- WORK TO COMPLETE
In the material below, the lines from the one containing "Nici 46945 Glubschis" through the one containing "sakyastars Men Pack of 3 Ankle Length Socks" are to be given again exactly, ends included, and no others.

- THE INPUT
==*==

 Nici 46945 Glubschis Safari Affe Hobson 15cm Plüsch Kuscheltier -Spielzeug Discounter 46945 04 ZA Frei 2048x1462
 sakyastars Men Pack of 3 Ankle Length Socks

==*==

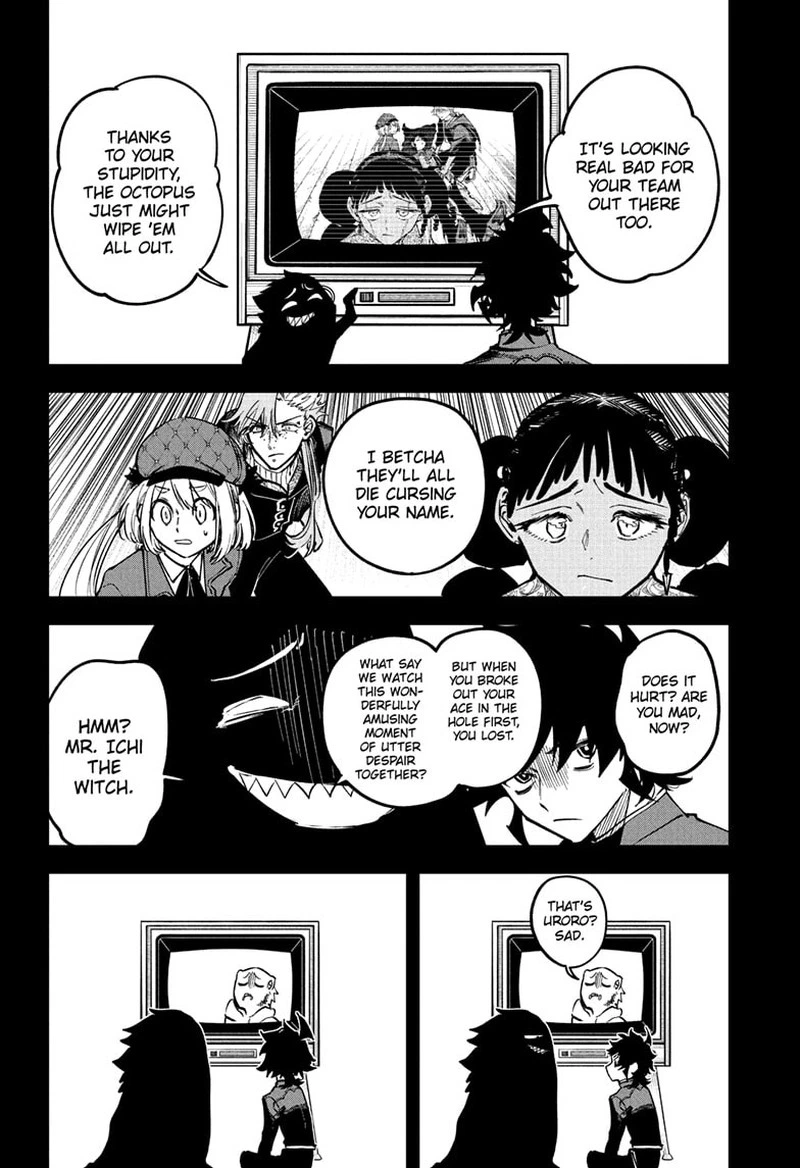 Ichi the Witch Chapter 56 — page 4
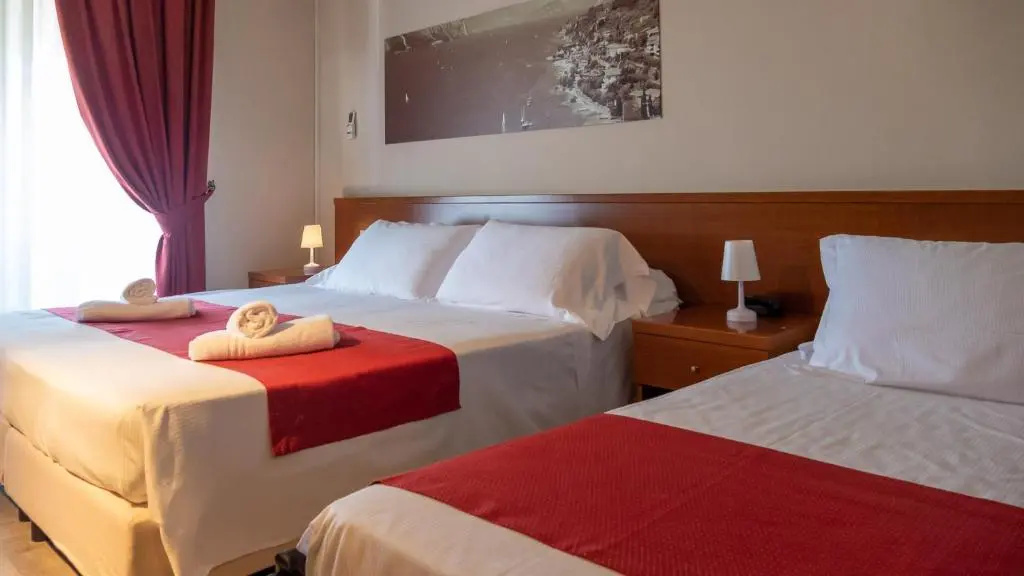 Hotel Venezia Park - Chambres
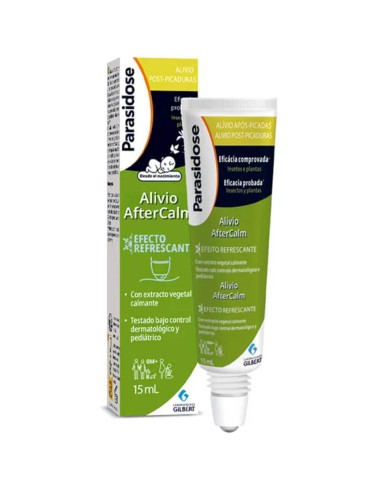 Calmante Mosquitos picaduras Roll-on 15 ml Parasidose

==*==

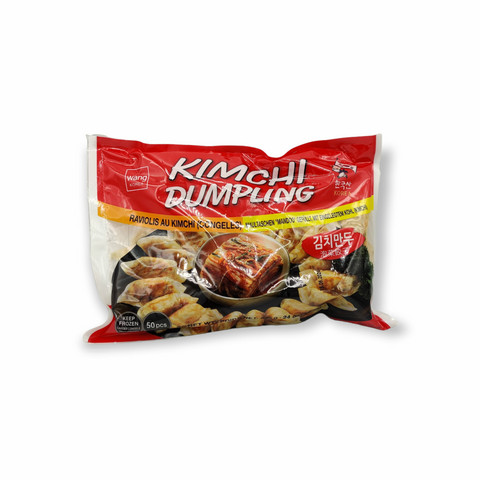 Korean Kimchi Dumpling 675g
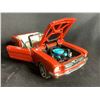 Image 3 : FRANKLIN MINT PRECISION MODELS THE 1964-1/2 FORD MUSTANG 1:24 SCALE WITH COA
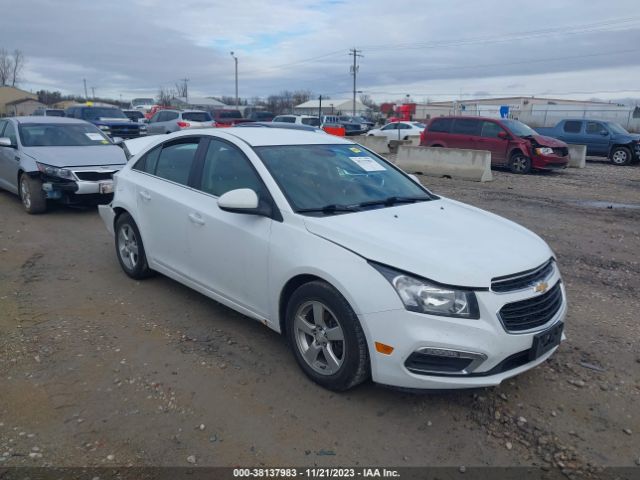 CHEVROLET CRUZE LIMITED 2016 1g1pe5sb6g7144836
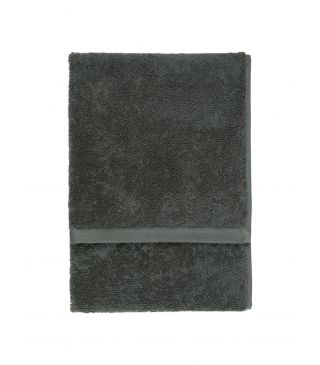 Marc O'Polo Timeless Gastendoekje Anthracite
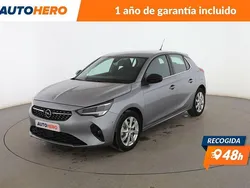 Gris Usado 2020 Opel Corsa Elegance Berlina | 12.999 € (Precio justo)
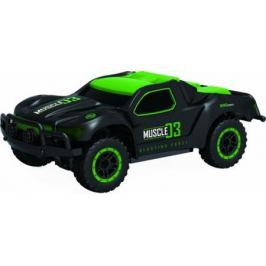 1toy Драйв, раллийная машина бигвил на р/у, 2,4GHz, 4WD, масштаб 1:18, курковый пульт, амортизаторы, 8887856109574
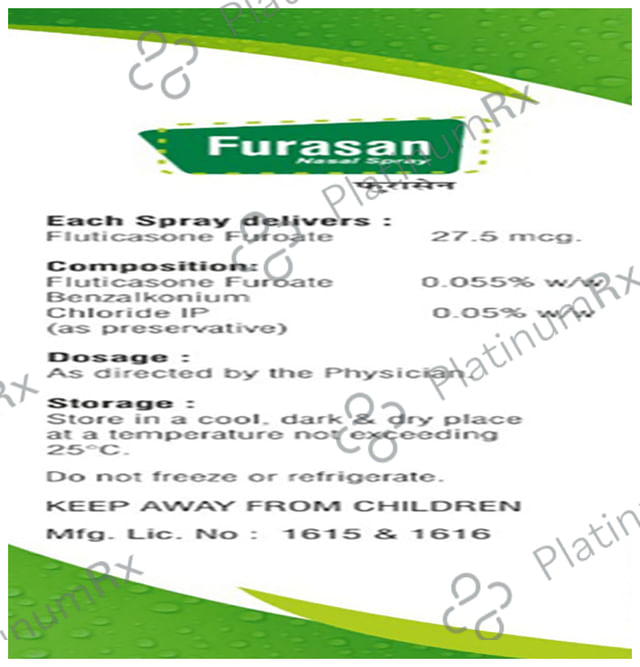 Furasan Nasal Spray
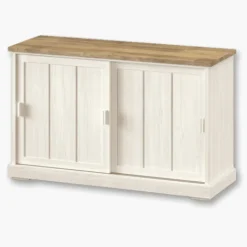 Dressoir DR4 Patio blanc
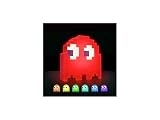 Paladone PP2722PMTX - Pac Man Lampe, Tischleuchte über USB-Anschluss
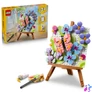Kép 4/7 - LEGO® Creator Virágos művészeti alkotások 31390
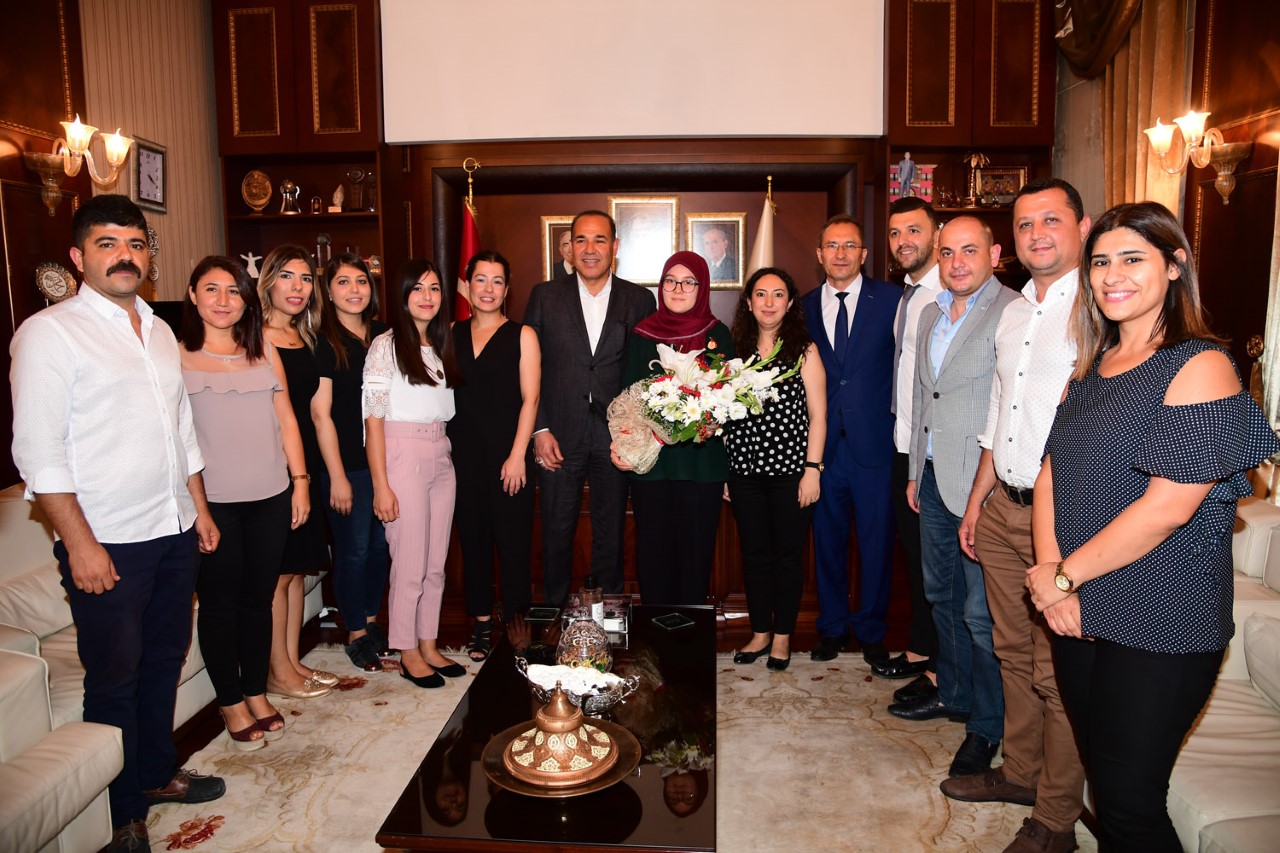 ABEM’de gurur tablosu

==*==

- TASK OUTPUT
 Nici 46945 Glubschis Safari Affe Hobson 15cm Plüsch Kuscheltier -Spielzeug Discounter 46945 04 ZA Frei 2048x1462
 sakyastars Men Pack of 3 Ankle Length Socks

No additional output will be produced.